Try Push-based shuffle yourself
Now that Apache Spark 3.2.0 is released, you can also try out push-based shuffle yourself. Here we provide some basic instructions of how to enable it and a simple example to see it work in action.
Shuffle server configuration
Currently, push-based shuffle is only supported with YARN as the cluster manager. To enable Spark applications on the cluster with push-based shuffle, include the spark-yarn-shuffle-3.2.0.jar in the NodeManager classpath and set the configuration spark.shuffle.push.server.mergedShuffleFileManagerImpl to org.apache.spark.network.shuffle.RemoteBlockPushResolver and restart all the NodeManagers.
In order to enable Spark applications with push-based shuffle, set this configuration spark.shuffle.push.enabled to true.
To further tune push-based shuffle on both the client and server side, there are additional configurations that are documented here.
A simple example
Below is a one-line code snippet shuffling 1TB of data to see the speed up with push-based shuffle.
sc.parallelize(1 to 8000).repartition(100).flatMap( _ => (1 to 15000000).iterator.map(num => num)).repartition(500).count
If you are testing in a dedicated cluster with large memory nodes, the speed up might be less due to caching of shuffle data by the operating system.
If you are testing in a small cluster with only a few nodes, then you need to set the following configs:
spark.shuffle.push.mergersMinThresholdRatio = 0.01
spark.shuffle.push.mergersMinStaticThreshold = 1
In terms of future enhancements, we are already working on contributing some of the additional performance enhancements we have implemented internally. Some of them are listed below:
Adaptive shuffle merge finalization - SPARK-33701
Adaptive fetch of shuffle merger locations - SPARK-34826
Improve locality for push-based shuffle, especially for join-like operations - SPARK-33574
Support YARN NodeManager work-preserving restart feature with push-based shuffle - SPARK-33236
Also, we are considering supporting push-based shuffle in other deployment modes, like standalone and Kubernetes. Currently, we are operating our clusters on-prem, which have collocated storage and compute. However, LinkedIn is migrating to Azure; therefore, we are evaluating ways to use push-based shuffle in the context of compute/storage disaggregated clusters. In the current implementation, push-based shuffle is well suited for batch computations, but it can be further adapted to continuous streaming workloads as well.

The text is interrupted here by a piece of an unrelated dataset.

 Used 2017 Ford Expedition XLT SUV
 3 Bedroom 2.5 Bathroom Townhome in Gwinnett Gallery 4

With the Apache Spark 3.2 release, we are really excited to share the benefits of push-based shuffle with the community. Please give it a try and let us know your feedback! We look forward to ideas as well as contributions that you might have to leverage push-based shuffle to unlock other avenues.

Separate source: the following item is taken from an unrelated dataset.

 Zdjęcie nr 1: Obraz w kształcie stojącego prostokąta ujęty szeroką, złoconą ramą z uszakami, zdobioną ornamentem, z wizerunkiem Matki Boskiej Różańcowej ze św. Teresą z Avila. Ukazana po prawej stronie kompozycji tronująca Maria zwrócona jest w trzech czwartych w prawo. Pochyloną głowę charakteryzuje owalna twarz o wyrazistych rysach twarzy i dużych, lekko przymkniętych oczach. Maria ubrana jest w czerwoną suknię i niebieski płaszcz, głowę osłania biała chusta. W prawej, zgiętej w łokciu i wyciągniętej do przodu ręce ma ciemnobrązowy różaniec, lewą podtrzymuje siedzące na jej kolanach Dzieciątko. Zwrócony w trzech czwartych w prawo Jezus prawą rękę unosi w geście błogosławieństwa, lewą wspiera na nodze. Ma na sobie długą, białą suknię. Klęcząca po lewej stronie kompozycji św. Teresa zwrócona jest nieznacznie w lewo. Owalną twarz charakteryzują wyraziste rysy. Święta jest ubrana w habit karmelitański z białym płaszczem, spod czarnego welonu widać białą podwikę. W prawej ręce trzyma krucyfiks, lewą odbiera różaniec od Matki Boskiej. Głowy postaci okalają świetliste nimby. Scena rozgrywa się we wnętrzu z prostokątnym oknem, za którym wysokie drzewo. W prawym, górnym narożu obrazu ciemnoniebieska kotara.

We would not be able to make it this far without the tremendous support offered by the community to contribute push-based shuffle back to Apache Spark. Special shout-out to Mridul Muralidharan for shepherding the OSS contribution, along with other committers like Yi Wu, Thomas Graves, Attila Zsolt Piros, Dongjoon Hyun, and Gengliang Wang with their thorough and extensive code reviews. We would also like to thank Sunitha Beeram, Yuval Degani, Min Shen, Erik Krogen, and Ye Zhou for reviewing this article and the LinkedIn Spark team for testing the Apache Spark 3.2 release candidate with push-based shuffle extensively before its release.